Conexión Saer

Plataforma Lavardén cobija una notable muestra dedicada al narrador nacido en Serodino que pone el énfasis en su vínculo con Rosario. Martín Prieto, uno de los curadores, la caminó junto a Cultura y libros y entregó claves para valorarla. Paseo a través de una vida y obra que están destinadas a perdurar.
7 de enero 2018 · 00:00hs

Recorrer la muestra Conexión Saer es trasladarse en el tiempo hacia una genealogía afectiva, literaria y documental de este escritor santafesino autor de obras maravillosas como Cicatrices o El limonero real. En el ingreso a una de las salas de Plataforma Lavardén, el rostro de Juan José Saer nos da la bienvenida a lo que será un paseo por su universo: imágenes trazando coordenadas de lectura; documentos y fotografías que propician claves del imaginario saeriano; un despliegue visual, pictórico, auditivo. La muestra, que permanecerá hasta el 21 de enero, nos habla del escritor, de sus afectos, y de las conexiones que pueden establecerse entre su literatura, los artistas que admiró como Fernando Espino y Juan Pablo Renzi, y los vínculos con las ciudades en las que vivió, entre ellas y muy especialmente Rosario.
Si bien la sala rebosa de fotografías, el visitante no se encontrará con retratos saerianos al estilo de los reconocidísimos de Borges o de Cortázar: "Saer no ha sido un escritor fotografiado.
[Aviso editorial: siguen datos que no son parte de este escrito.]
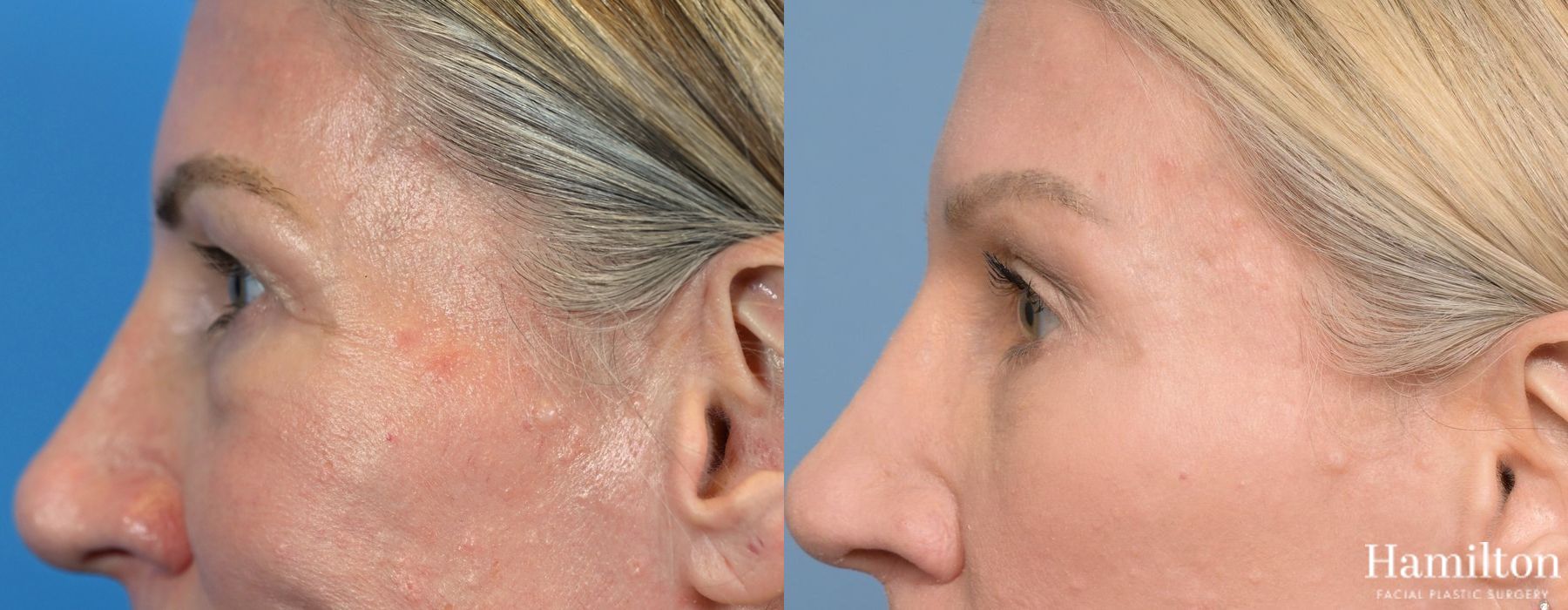 Before and after Blepharoplasty case 37257 - Angle 3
No hay una Sara Facio, o una Alicia D'Amico, como esas fotos que conocemos de Borges, de Cortázar o de Soriano. Todos con gatos. Parece que en realidad el personaje fuera el gato", apunta entre risas Martín Prieto, curador (junto a Teresa Costantín) de la muestra.
En uno de los muros puede leerse: "Dicho esto, sí, nací en Serodino, provincia de Santa Fe, el 28 de junio de 1937. Mis padres eran inmigrantes sirios. Nos trasladamos a Santa Fe en enero de 1949. En 1962 me fui a vivir al campo, a Colastiné Norte, y en 1968, por muchas razones diferentes, voluntarias e involuntarias, a París. Tales son los hechos más salientes de mi biografía".
El recorrido Conexión Saer incluye elementos que dialogan sobre sus afectos, su poética y el territorio que la sostiene: un cuaderno (el único que no pertenece a la Universidad de Princeton) que incluye inéditos y borradores de juventud, anteriores a 1960. Entre ellos, una versión del cuento El tango del viudo. Una carta de Saer a su madre y a su hermana Mabel, escrita en París, en septiembre de 1969. Otra que el escritor envía en 1982 a la Fundación Guggenheim. En ella relata el argumento de Glosa para solicitar la reconocida beca, que le fuera denegada. También puede apreciarse un ejemplar de The picture of Dorian Gray, de Oscar Wilde, que el juez Ernesto López Garay traduce en Cicatrices.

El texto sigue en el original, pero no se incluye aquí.